その血を継ぐ、祖父よりも前に亡くなった母はやはりお酒を嗜むイメージがなく、350ml1缶のビールをまだ学生だった私と分け合って晩酌する程度だった。
やさしくて明るくて努力の人で病気ばかりして、なのに家族のことを一番に考える人で、誰より先に死なれるととてつもなくやっかいな人だった。
おかげで母の亡き後、うちの家族はわかりやすく機能不全に陥り、何十年と母の面影を追って生きていくこととなるのだ。


***


お酒が弱いと思っていた母とは違う一面を見たことがある。

十数年前生まれ育った我が家は社宅で、A棟からD棟まで横長のコンクリートの建物が均等に並ぶ、よくある団地の造りだった。
同じ年代の家族が多く、私はいわゆるベビーブーム世代だったため社宅内で遊ぶ友達も事欠かなかった。よってその母親たちも、はたから見れば仲の良いママ友同士であったのだと思う。

一度だけ、社宅の私有地にテントを張ってキャンプのようなことをした記憶がある。

いつもなら気配のない父親たちが集い、車でテントの周りを囲って外部から目隠しし、それぞれ簡易の椅子や机を持参して酒盛りをする。側に川や海が無いだけで、そこは本当にキャンプ場のようだった。
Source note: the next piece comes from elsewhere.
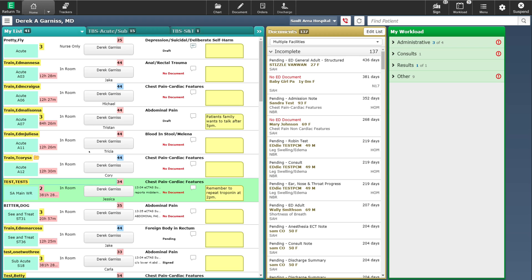I'm going to start by selecting a patient on my tracker, as you can see I have done here. This patient currently, as indicated by the no document label, does not have documentation started yet. To start a document, I could either click on the no document label, which will take me into the documentation module, or I can select the document button at the top of the screen. I'm going to go ahead and select the document button.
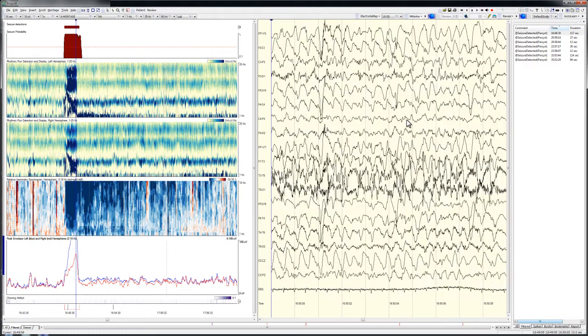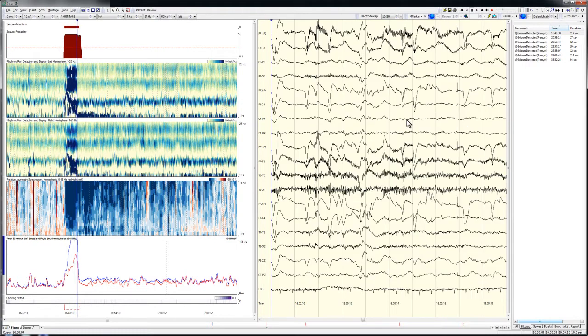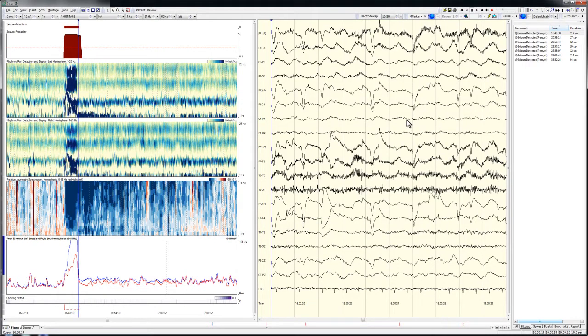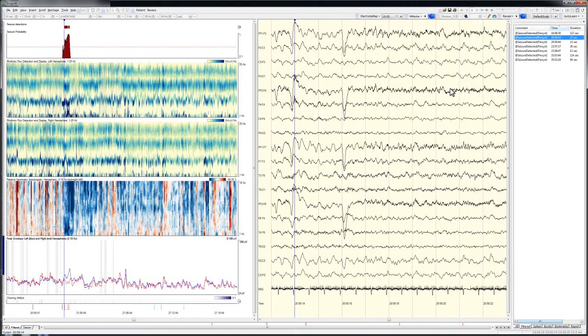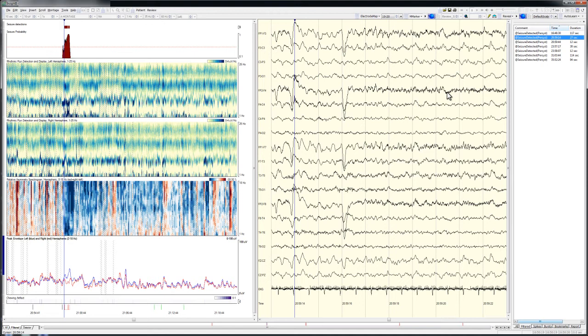Clicking on the next detection brings us to a new seizure which shows a somewhat different pattern on the EEG trending graphs. The trending graphs suggest this seizure is more confined to the left hemisphere than was the last, and that the amplitude increase during the seizure is not as great as had been present in the prior event.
ああ、ここにはこんなに家族がいたのだと実感したのを覚えている。
彼らが勤める会社の社宅だというのに男はいつも不在がちで、普段他人行儀に見えていた父親たちが仲良さげに酒を酌み交わす光景は、子供の目から見てもどことなくシュールだった。

敷地面積の巨大な会社だったので同じエリアにたくさんの工場や建物が林立し、課が違えば決して顔を合わすことのない職場だったのだと思う。そんな彼らがどのように話をまとめ、どのようにしてこの疑似キャンプが開催されたのか。今から思えば謎である。

それを決行したのは母たちであったのではないか。

今ならそう思う。

テントの中ではしゃぐ子供たち。
野外で宴会を繰り広げる男たち。
ふと、母親たちはどこにいたのだろうと思う。
会場をセッティングし、男たちに酒やつまみをあてがった母親たちの姿がどこにも無い。


ここから先は記憶が定かでなく断片的だけれど、たしか私より3つ年上だったTちゃんの、A棟の家にみな集まっていたのではなかったか。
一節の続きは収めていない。